▶ _EXERCISE REQUIREMENTS_
Below are records with pictures. Reproduce exactly the lines from the line with "Plan de table" to the line with "Tapestry Knit Flare Dress", inclusive, and leave each picture out.

-- ENTRIES SUPPLIED follows --

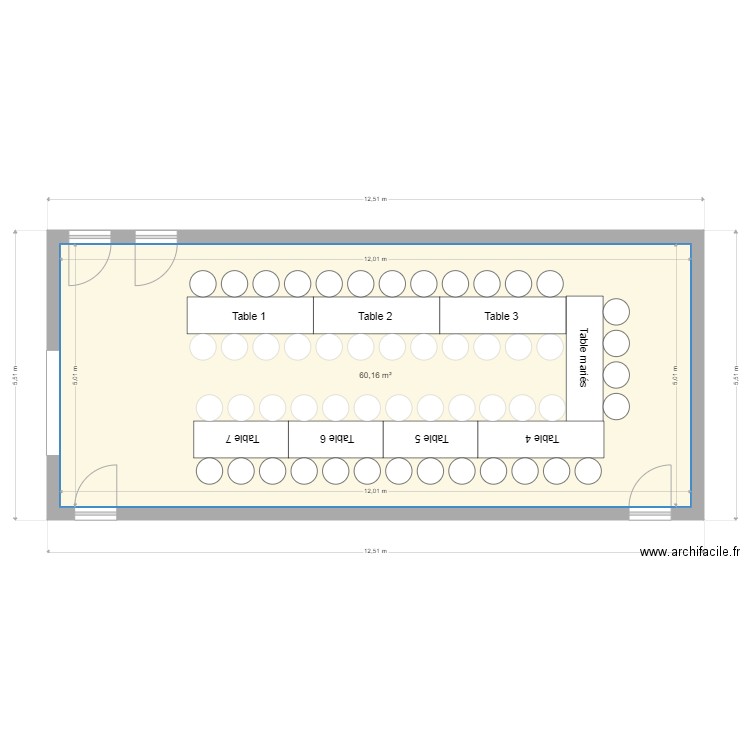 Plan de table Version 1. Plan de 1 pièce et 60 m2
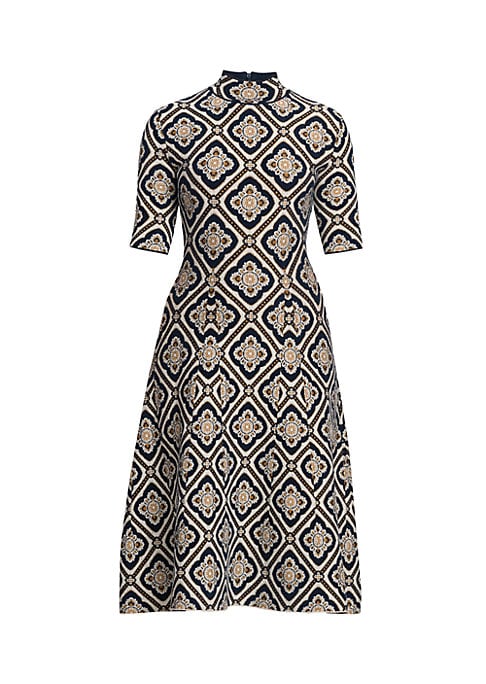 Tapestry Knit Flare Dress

-- ENTRIES SUPPLIED concluded --
-- ENTRIES SUPPLIED follows --

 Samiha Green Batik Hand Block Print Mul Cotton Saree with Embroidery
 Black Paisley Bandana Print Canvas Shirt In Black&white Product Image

-- ENTRIES SUPPLIED concluded --
-- ENTRIES SUPPLIED follows --

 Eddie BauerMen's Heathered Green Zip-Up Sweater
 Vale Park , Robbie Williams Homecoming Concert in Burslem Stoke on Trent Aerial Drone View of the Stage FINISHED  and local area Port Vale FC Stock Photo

-- ENTRIES SUPPLIED concluded --

▶ _WORKED SOLUTION_
 Plan de table Version 1. Plan de 1 pièce et 60 m2
 Tapestry Knit Flare Dress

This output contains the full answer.